_Task brief_. The response must be the exact lines from the line holding "Cumhurbaşkanı Erdoğan taziye" through the end of the entries, with no pictures and nothing else.

Scraped caption text data
———

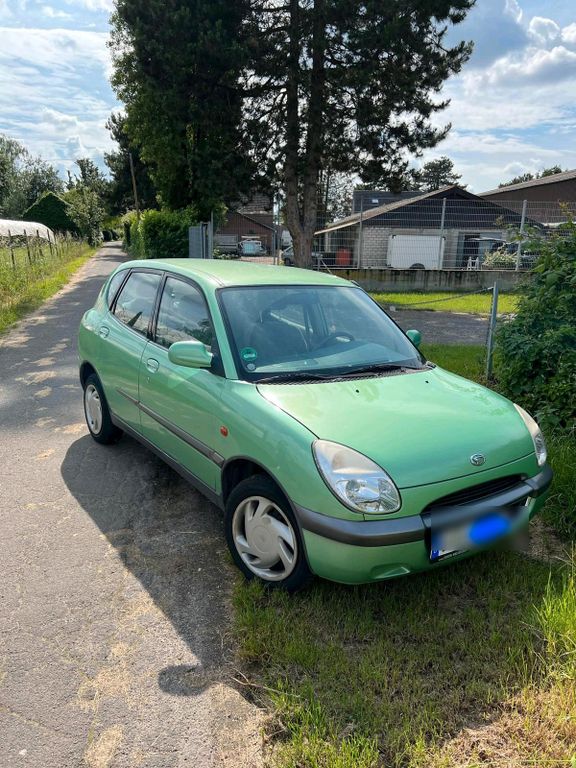 Daihatsu Sirion 2001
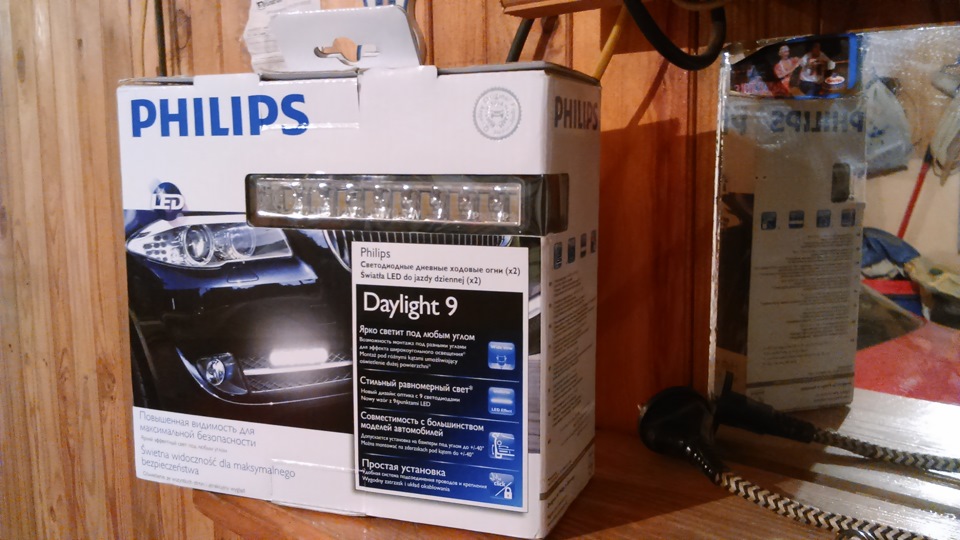Дневні ходові вогні PHILIPS LED DayLight 9 12831WLEDX1 } 1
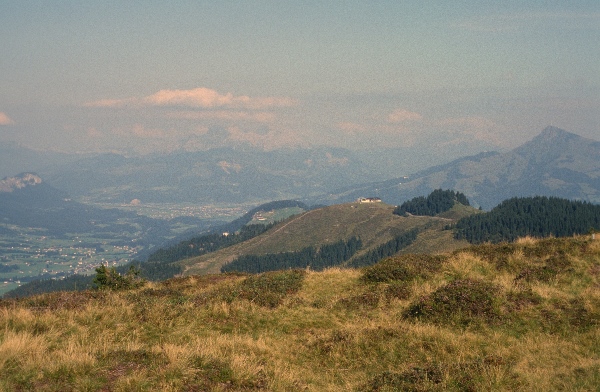 1979. Österreich. Tirol. Kitzbüheler Alpen. Region: Söll - Hochsöll, Silleralm
1979. Österreich. Tirol. Kitzbüheler Alpen. Region: Söll - Hochsöll, Silleralm
Schlüsselwörter: 1979;Alpen;Berge;Gebirge;Kitzbüheler Alpen;Tirol;Österreich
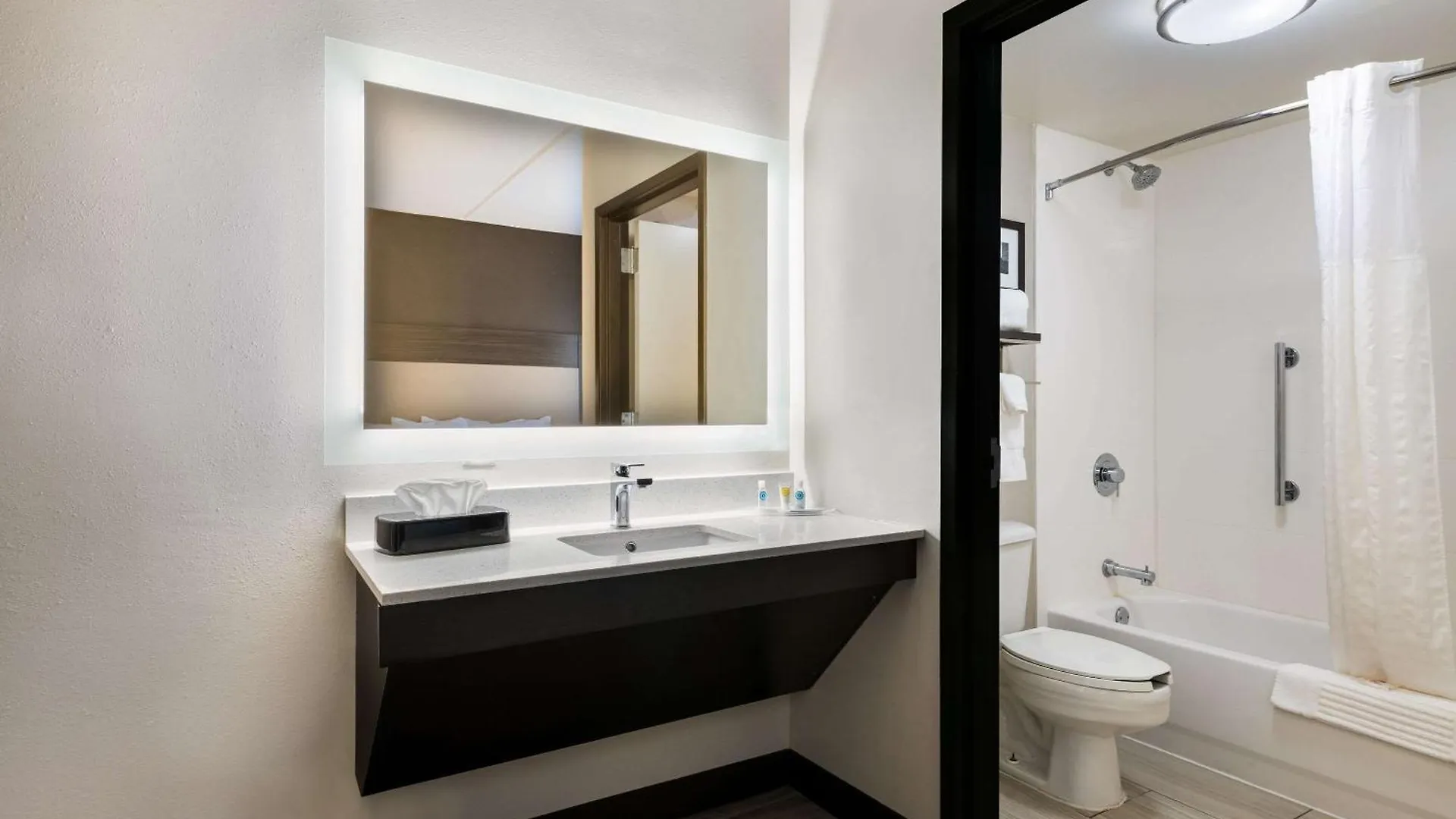 Comfort Suites Northlake Charlotte 2*,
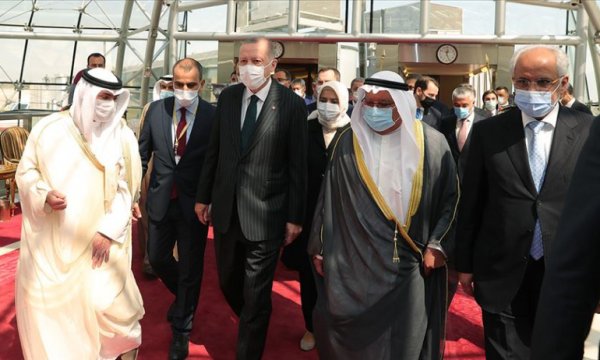 Cumhurbaşkanı Erdoğan taziye için Kuveyt'i ziyaret etti
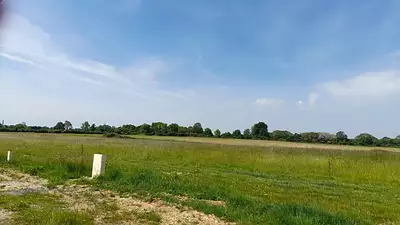 Terrain à bâtir, 1 916 m²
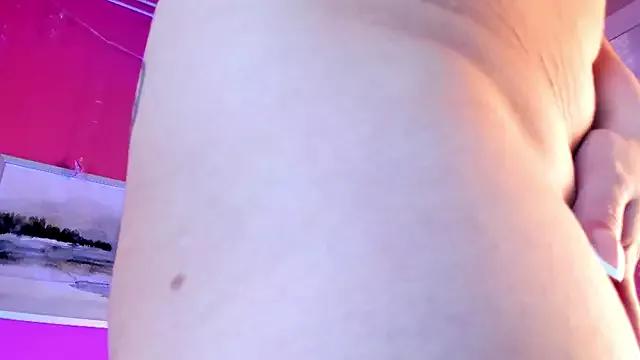 Tiffanysurez_ on StripChat 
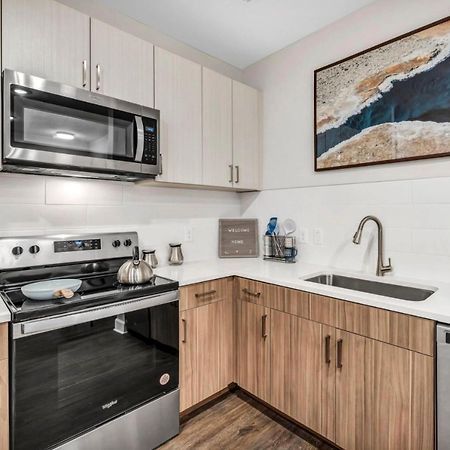 Spacious Castle W Gym Pool Free Parking I Walk To Dowtown N Broadway Nashville Dış mekan fotoğraf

———

_Result for this exercise_.
 Cumhurbaşkanı Erdoğan taziye için Kuveyt'i ziyaret etti
 Terrain à bâtir, 1 916 m²
 Tiffanysurez_ on StripChat 
 Spacious Castle W Gym Pool Free Parking I Walk To Dowtown N Broadway Nashville Dış mekan fotoğraf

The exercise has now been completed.